E.g. Layered Communication Protocol
- In TCP/IP protocol stack, each layer provides services and functions.
- Each layer offers an interface and in order for n to invoke n-1, it exhibits an interface that could be used by layer n. but it has no idea how the functionalities in n-1 is implemented. What’s important is the interface!!! And that it hides the implementation.
- Protocol is a set of rules that parties will follow in order to exchange info. (communication btwn parties)
- Important to understand the difference between a service offered by a layer
Application Layering: the PAD model
- Taking a layered arch and applying in a modern software. It ends
up as a PAD model
- Presentation layer – you sitting in front of computer, and about to use a browser.
- application layer – processing layer. When you send a search request to somewhere, it does a core functionality of a search. !!it will rely on other services that will hold the data.
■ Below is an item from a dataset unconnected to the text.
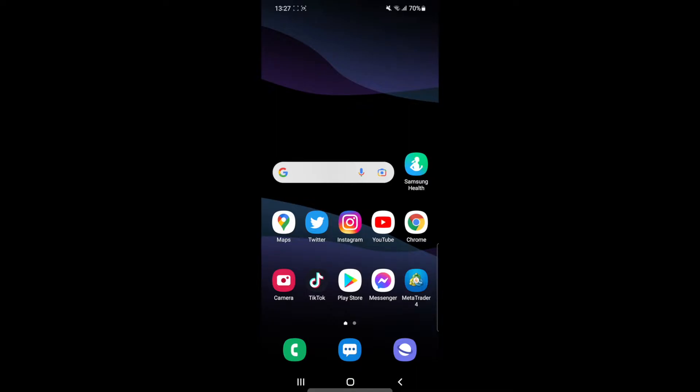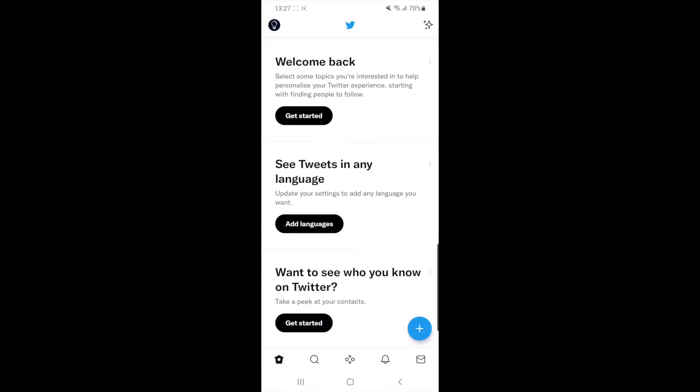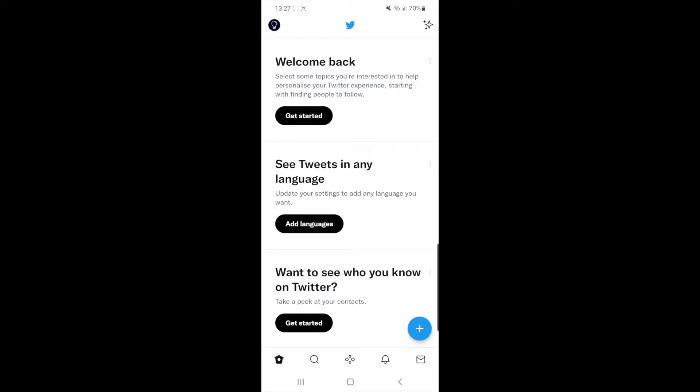So first of all, what you need to do is head over to your Twitter. Once you open up Twitter, you can click on your profile picture in the top left hand corner of your screen.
- Data layer – responsible for the storage where the app layer operates
E.g. a Web Search Engine
- RHS you have three levels: UI, processing, data
- (UI) User types in a search keyword → (Processing) Query generator needs db → (Data) db query is taken care of → (Data) the info (page titles and info) is sent back to processing level → (processing) All results are ranked → (processing) generates HTML pages→ (UI) its passed back to UI level.
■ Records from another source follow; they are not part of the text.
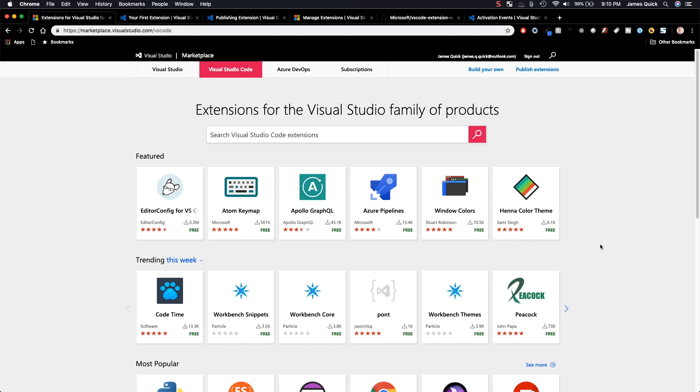What's going on YouTube? It's James Q Quick from Learn, Build, Teach. Today, I'm going to show you how to create your very first extension for Visual Studio Code.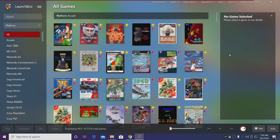Hey what's going on everybody, it's ETA Prime back here again with another LaunchBox tutorial. Today we're going to be covering Nintendo 3DS.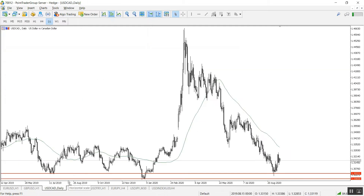Let's move to the Canadian dollar on the daily time frame. It is still traded above a strong support level 1.3022. In case the pair continues to be traded above this area, our first target is going to be 1.3200-1.3250.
A search on Google cloud: How it is handled
- Query is sent through google – in the border router of the google cloud, and it needs to balance the influx of query load. Load balancer tells you to go this way!! It will get taken by a rack of servers. And its sent back to me. This happens sooooosoososos quick!
- Hierarchy of the switches is very complex
- Refer to processing and data level from prev!
2. Object based style
- Objects corresponds to components, connected and communicate through a procedure call mechanism. If two objects reside on the same system → method call, over a network → remote procedure call.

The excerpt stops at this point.